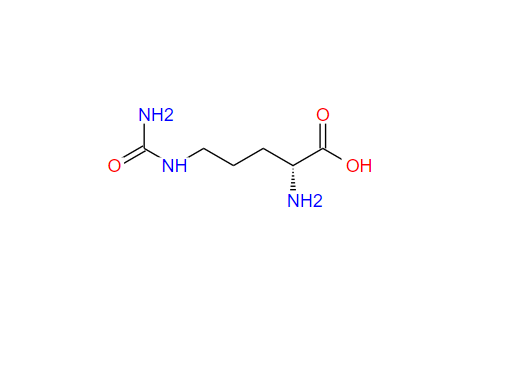 D-瓜氨酸二水合物   13594-51-9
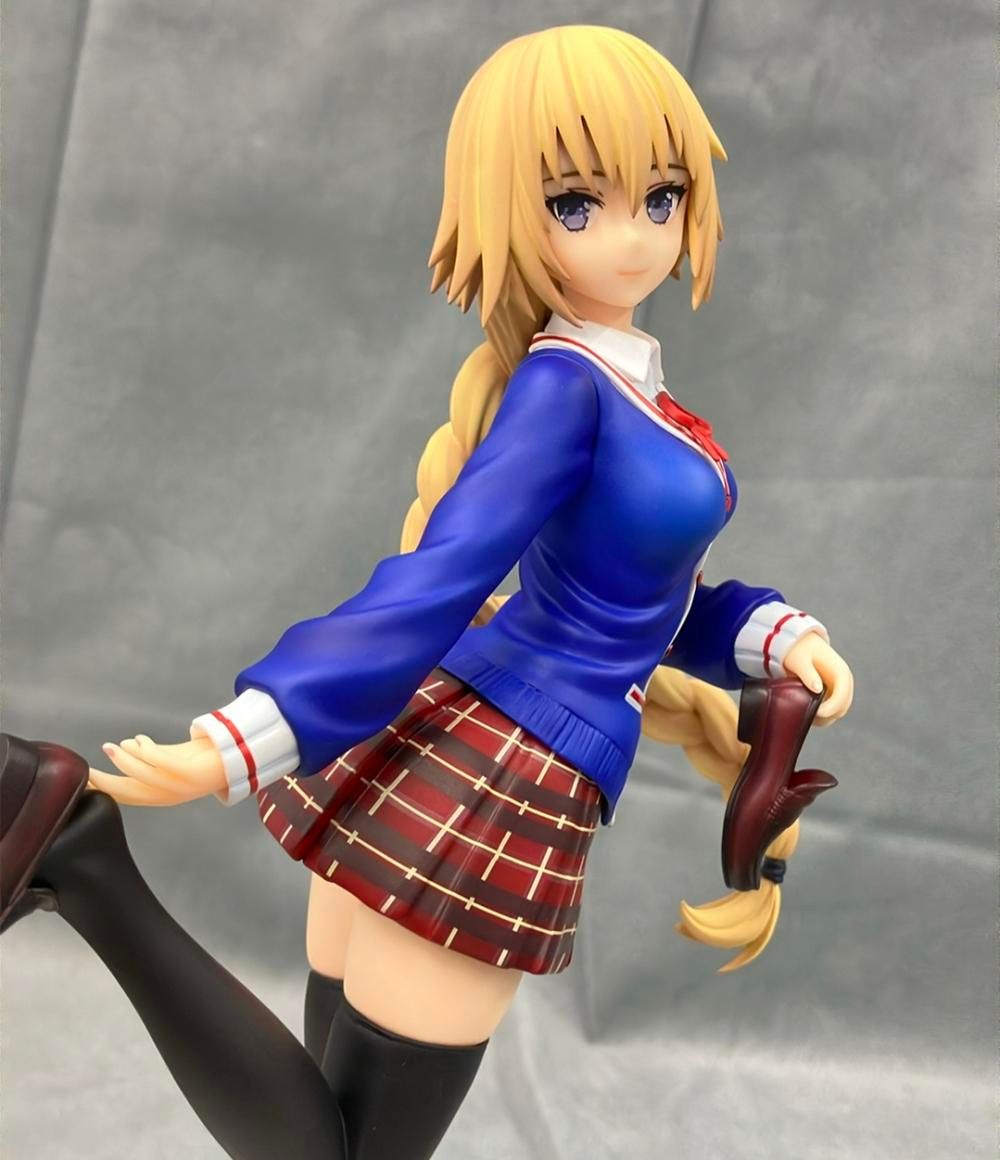 【希少・未開封品】ジャンヌ・ダルク JKブレザー ver. フェイト フィギュア Amazon | アルファマックス Fate/EXTELLA ジャンヌ・ダルク JK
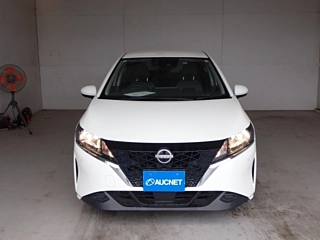 NISSAN NOTE 2022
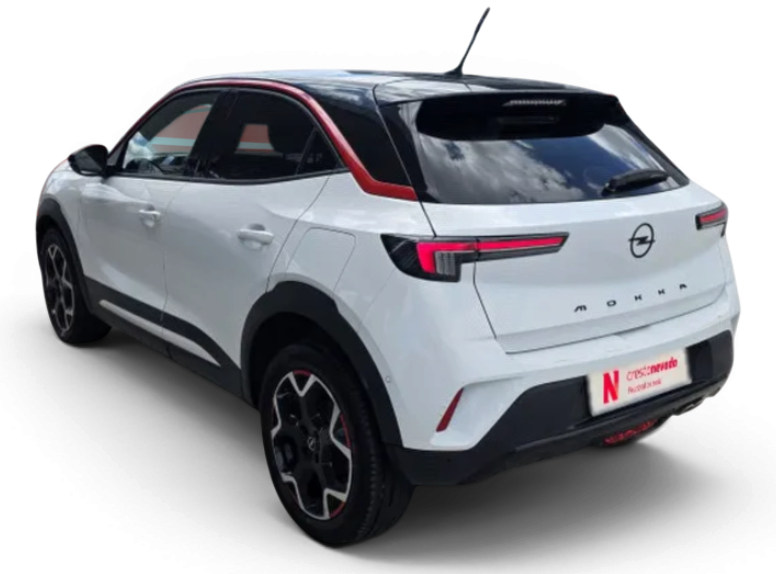Imagen de Opel Mokka
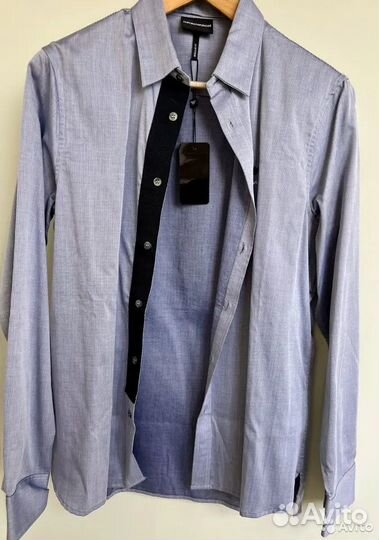 Рубашка Emporio Armani р.L (48-50) новая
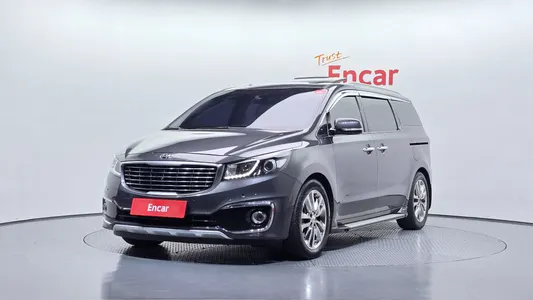 Kia 7 2015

#### Problem description:
When you copy the entries, keep every word exactly as it stands and drop any pictures.

#### Your response:
 D-瓜氨酸二水合物   13594-51-9
 【希少・未開封品】ジャンヌ・ダルク JKブレザー ver. フェイト フィギュア Amazon | アルファマックス Fate/EXTELLA ジャンヌ・ダルク JK
 NISSAN NOTE 2022
Imagen de Opel Mokka
 Рубашка Emporio Armani р.L (48-50) новая
 Kia 7 2015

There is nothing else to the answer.